Chegamos então a Middlesex (Companhia das Letras, 576 págs.), sua segunda obra, vencedora do prêmio Pulitzer em 2002. A protagonista Cal, já na abertura, abre o jogo aos leitores nesta espécie de autobiografia: “nasci duas vezes: primeiro, como uma bebezinha, em janeiro de 1960, num dia notável de ausência de poluição no ar de Detroit; e de novo com um menino adolescente, numa sala de emergências nas proximidades de Petoskey, Michigan, em agosto de 1974”. Calíope Stephanides, portanto, é um hermafrodita, oriundo de uma família greco-americana migrada para uma Detroit em pleno processo de ascensão e queda das indústrias automobilísticas que, logo mais, torna-se uma cidade destroçada pelas disputas raciais ocorridas ao longo deste período. O desafio de Eugenides é, portanto, abordar a complexidade de ser Cal, que se identifica com ambos os gêneros, mas se sente nitidamente inadequada em cada um deles.

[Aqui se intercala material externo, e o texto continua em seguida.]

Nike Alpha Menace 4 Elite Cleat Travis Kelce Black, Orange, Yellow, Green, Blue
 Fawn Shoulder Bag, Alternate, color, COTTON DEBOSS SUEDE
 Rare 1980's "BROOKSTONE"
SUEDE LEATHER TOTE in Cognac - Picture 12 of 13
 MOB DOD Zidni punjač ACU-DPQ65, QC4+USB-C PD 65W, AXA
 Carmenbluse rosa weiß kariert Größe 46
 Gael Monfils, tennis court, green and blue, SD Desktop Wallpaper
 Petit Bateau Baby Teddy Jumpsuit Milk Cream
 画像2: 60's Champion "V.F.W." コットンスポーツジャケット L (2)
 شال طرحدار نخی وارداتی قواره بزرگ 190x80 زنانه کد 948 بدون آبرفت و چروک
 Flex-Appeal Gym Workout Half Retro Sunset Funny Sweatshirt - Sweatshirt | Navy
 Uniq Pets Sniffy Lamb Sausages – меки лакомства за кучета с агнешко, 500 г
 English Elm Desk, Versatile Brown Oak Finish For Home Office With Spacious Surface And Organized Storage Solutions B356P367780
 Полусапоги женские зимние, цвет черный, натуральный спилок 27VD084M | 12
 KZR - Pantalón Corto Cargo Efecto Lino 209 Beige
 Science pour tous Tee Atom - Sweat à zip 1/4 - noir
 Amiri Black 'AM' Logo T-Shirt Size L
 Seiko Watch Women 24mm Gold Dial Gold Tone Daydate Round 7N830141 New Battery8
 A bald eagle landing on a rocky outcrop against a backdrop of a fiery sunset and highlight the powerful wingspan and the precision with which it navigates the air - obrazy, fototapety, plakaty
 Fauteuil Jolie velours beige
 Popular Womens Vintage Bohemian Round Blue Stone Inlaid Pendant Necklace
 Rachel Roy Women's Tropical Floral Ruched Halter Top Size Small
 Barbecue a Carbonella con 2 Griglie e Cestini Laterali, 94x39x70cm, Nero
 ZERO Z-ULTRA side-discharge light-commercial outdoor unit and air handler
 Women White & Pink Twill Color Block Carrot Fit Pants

A obra pode ser vista como uma espécie de Cem anos de solidão contada sob o olhar da tragédia grega, introjetada na visão de mundo dos Stephanides, sempre propensos a lançar mão de suas velhas tradições – tais como criar casulos de bichos de seda e realizar simpatias para determinar qual o sexo de um bebê. Acompanhamos, desde o início, a saga desta família após um inusitado casal migrar, em plena guerra, da Turquia aos Estados Unidos carregando, sem saber, o fatídico “gene recessivo do quinto cromossomo”. A partir da vinda de Desdêmona e Esquerdinha para a América, a história se desenrola em uma divertidíssima trama familiar com personagens tão cativantes quanto cômicos: entre eles, a vanguardista tia Sourmelina, que fugiu da Turquia por se interessar menos pela igreja do que pelas meninas que a frequentavam; o irmão nerd Um Sete Um, um perfeito produto dos anos 70, para quem o consumo excessivo de ácido facilita que aceite a condição da irmã/ irmão; ou o detestável cunhado padre Mike, cuja (falta de) altura é um fator central para a sua personalidade.
A história de Cal adquire força justamente por revisitar a história de Édipo, que tem seu destino revelado – a maldição de que mataria seu pai e casaria com a mãe – pelo velho profeta Tirésias.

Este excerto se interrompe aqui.